===== Data excerpts =====

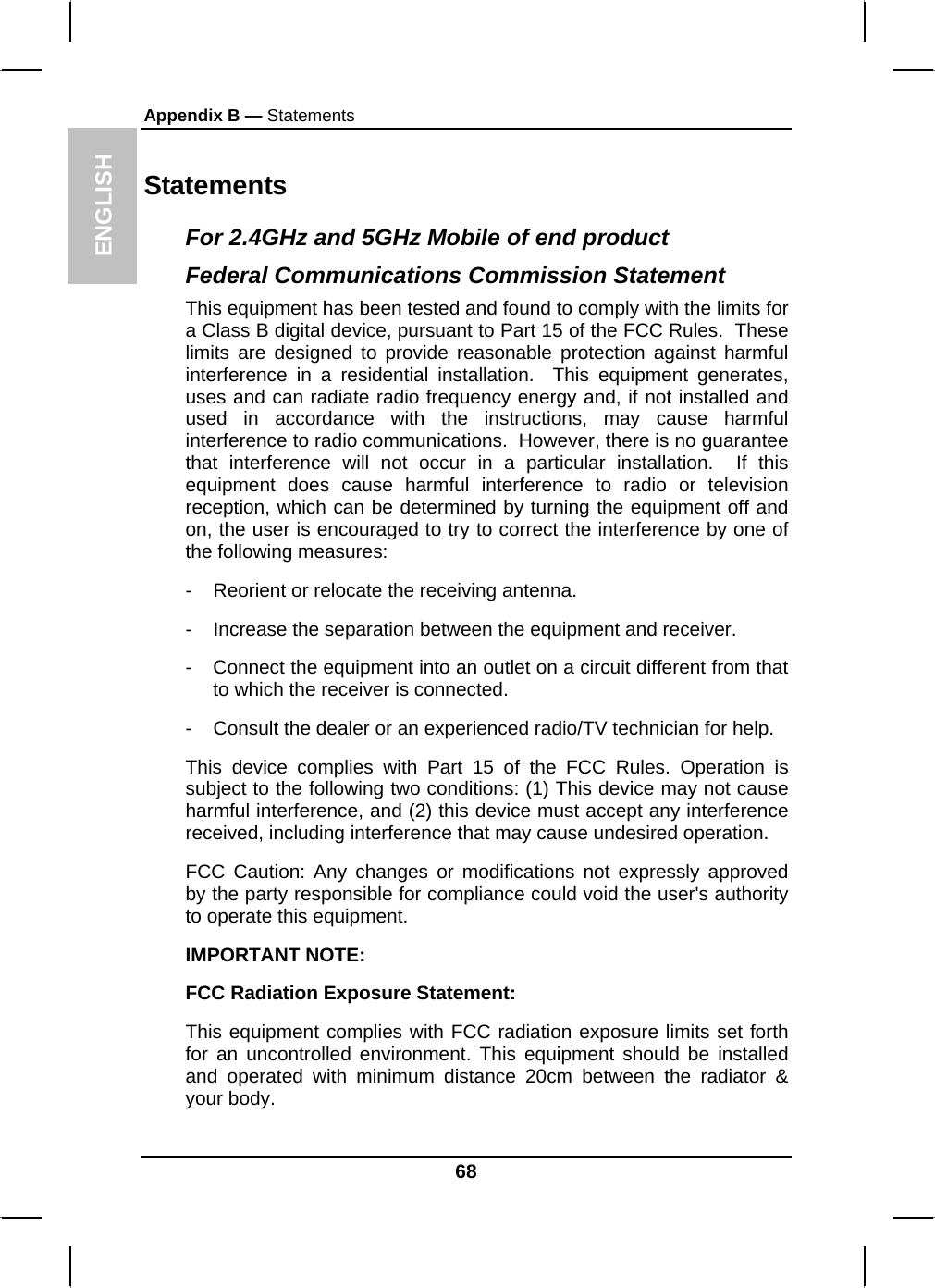 ENGLISH Appendix B — Statements Statements For 2.4GHz and 5GHz Mobile of end product Federal Communications Commission Statement This equipment has been tested and found to comply with the limits for a Class B digital device, pursuant to Part 15 of the FCC Rules.  These limits are designed to provide reasonable protection against harmful interference in a residential installation.  This equipment generates, uses and can radiate radio frequency energy and, if not installed and used in accordance with the instructions, may cause harmful interference to radio communications.  However, there is no guarantee that interference will not occur in a particular installation.  If this equipment does cause harmful interference to radio or television reception, which can be determined by turning the equipment off and on, the user is encouraged to try to correct the interference by one of the following measures: -  Reorient or relocate the receiving antenna. -  Increase the separation between the equipment and receiver. -  Connect the equipment into an outlet on a circuit different from that to which the receiver is connected. -  Consult the dealer or an experienced radio/TV technician for help. This device complies with Part 15 of the FCC Rules. Operation is subject to the following two conditions: (1) This device may not cause harmful interference, and (2) this device must accept any interference received, including interference that may cause undesired operation. FCC Caution: Any changes or modifications not expressly approved by the party responsible for compliance could void the user&apos;s authority to operate this equipment. IMPORTANT NOTE: FCC Radiation Exposure Statement: This equipment complies with FCC radiation exposure limits set forth for an uncontrolled environment. This equipment should be installed and operated with minimum distance 20cm between the radiator &amp; your body. 68 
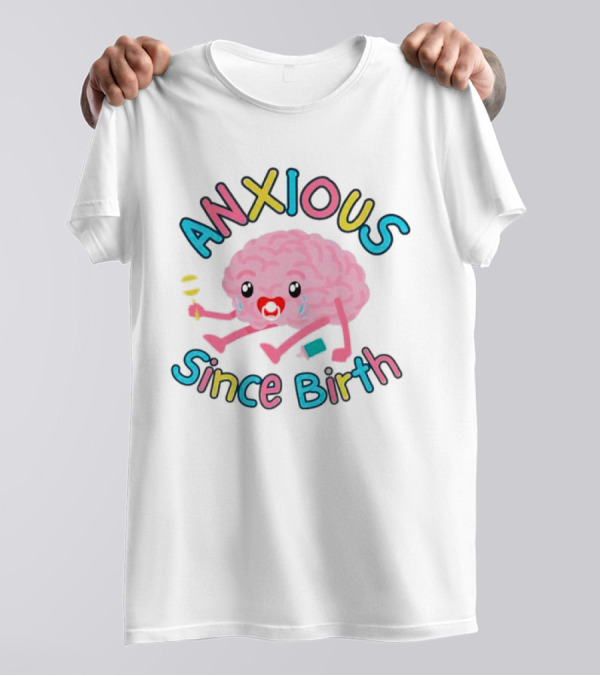 Anxious Since Birth Crying Brain With Colorful Letters T-Shirt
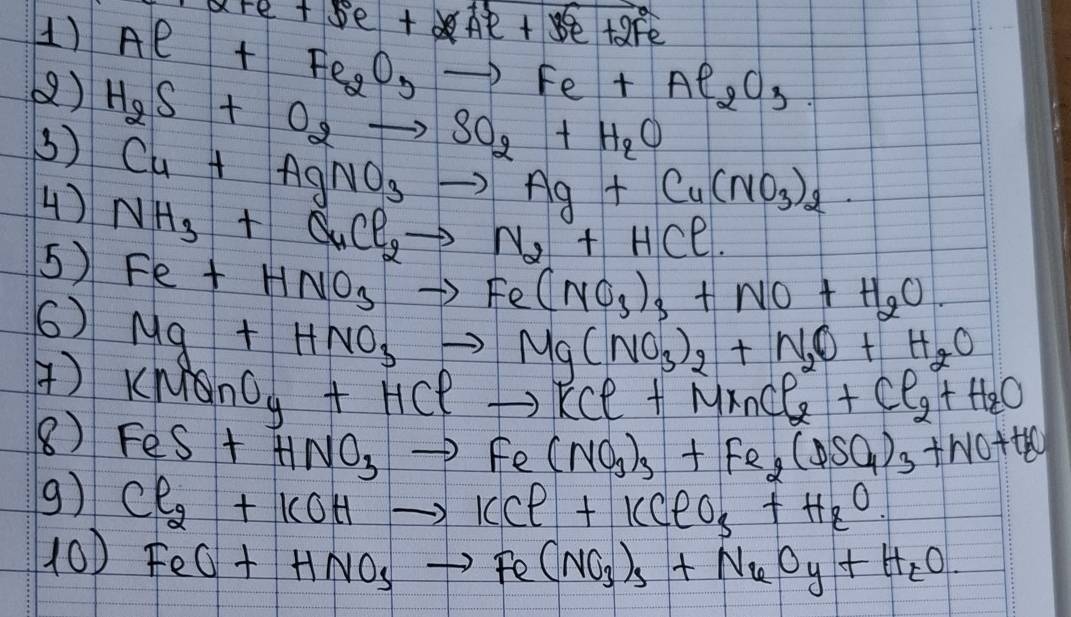 x+e+5e+Ae^(+5)+3e+2Fe^(2+)
1) Al+Fe_2O_3to Fe+Al_2O_3. 
() H_2S+O_2to SO_2+H_2O
3) Cu+AgNO_3to Ag+Cu(NO_3)_2
4) 
5) NH_3+CuCl_2to N_2+HCl
6) Fe+HNO_3to Fe(NO_3)_3+NO+H_2O.
Mg+HNO_3to Mg(NO_3)_2+N_2O+H_2O
() KMO_yO_y+HClto KCl+MnCl_2+Cl_2+H_2O
8) FeS+HNO_3to Fe(NO_3)_3+Fe_2(DSO_4)_3+NO+H_2O
9) Cl_2+KOHto KCl+KClO_3+H_2O. 
100 FeO+HNO_3to Fe(NO_3)_3+NuO_y+H_tO.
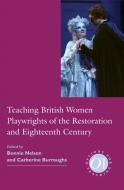 Teaching British Women Playwrights of the Restoration and Eighteenth Century Cover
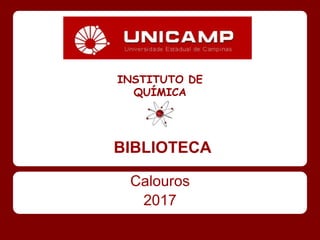 BIBLIOTECA
Calouros
2017
INSTITUTO DE
QUÍMICA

=====

• Requirement:
Starting from the line containing "100 FeO+HNO_3to Fe(NO_3)_3+NuO_y+H_tO.", repeat each line exactly through the end of the entries, including the last, while leaving pictures out.

• Exercise answer:
100 FeO+HNO_3to Fe(NO_3)_3+NuO_y+H_tO.
 Teaching British Women Playwrights of the Restoration and Eighteenth Century Cover
 BIBLIOTECA
Calouros
2017
INSTITUTO DE
QUÍMICA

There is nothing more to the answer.